The government’s initiative to monitor international non-government organisations (INGOs) was a necessary one – that much everyone agrees. Yet from the start it was feared that the government would wrap up the new procedures in so much bureaucratic red tape that it would disincentive legitimate and helpful organisations from carrying out operations in the country. The government’s new policy for the regulation of INGOs unfortunately errs in that direction; the requirements are strict and overbearing, and the policy makers have shown no appreciation of the different kinds of roles INGOs can play.

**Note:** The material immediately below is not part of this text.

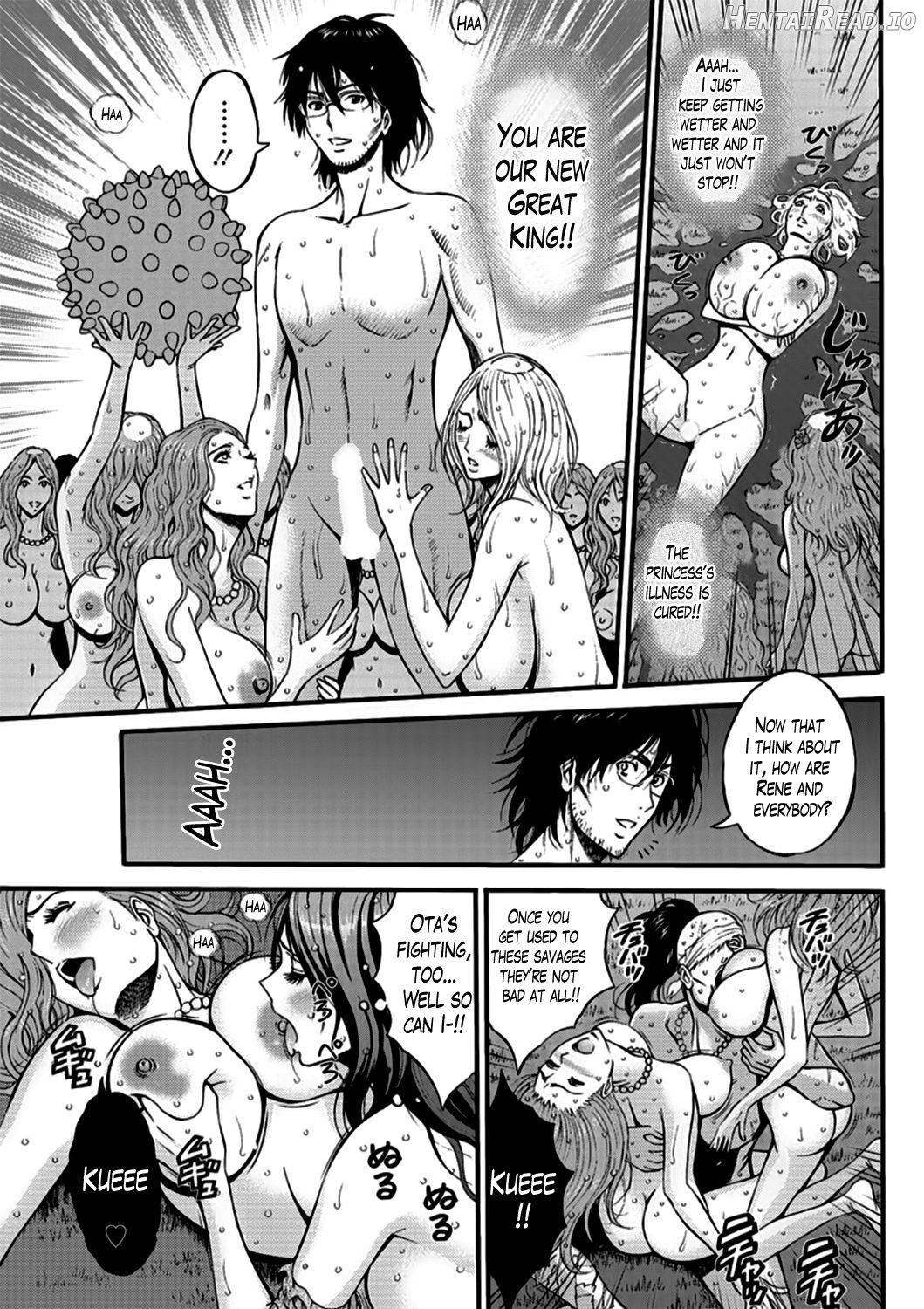 Seireki 2200 Nen no Ota Chapter 1 - page 380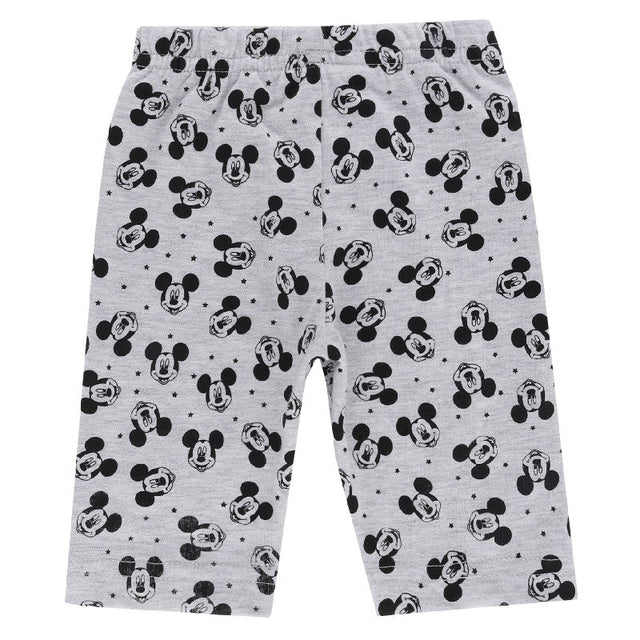 Baby Boys Mickey & Friends 100% Cotton Capri Pack of 2 - Bodycare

It must be said that the policy makers have their heart in the right place, the process has been made online for easier access, rights of appeal is offered, all the while requiring INGOs to present financial details, organisational objectives and to inform the government before receiving international funds, individuals or services. While this will help the Interior Ministry monitor rouge INGOs much better, the one-size-fits-all policy is bound to act as a hurdle for INGOs working for the benefit of the people.

Firstly an INGO is so loosely defined that it can encompass most modern enterprises, and secondly all INGOs have to seek permission from the Interior Ministry every time it decides to do anything of note. Be it going to an area beyond the base of operations, starting a new project, gathering or canvassing money, or collaborating with local organisations, the Ministry of Interior needs to bless it first. Knowing the state of Pakistani bureaucracy – which causes inordinate delays and seeks remuneration for the smallest act – INGOs are going to find themselves unable to make a difference.

Chaudary Nisar needs to tone down his pet project or risk losing scores of INGOs which could have truly helped Pakistan. Yet it seems that the minister has no intention of doing so, and for a reason. Sticking to the oppressive routine, the notice contains clause that say that INGOs are any INGO working against “Pakistani interests and government policy” or engaging in “anti-Pakistan activities” will be banned – yet it does not define what any of these terms mean. In effect this means that the Ministry of Interior, which has all INGOs at its mercy, can arbitrarily decide to shut down the ones it doesn’t like. The notice gives no objective standard or criteria through which a performance of an INGO can be measured.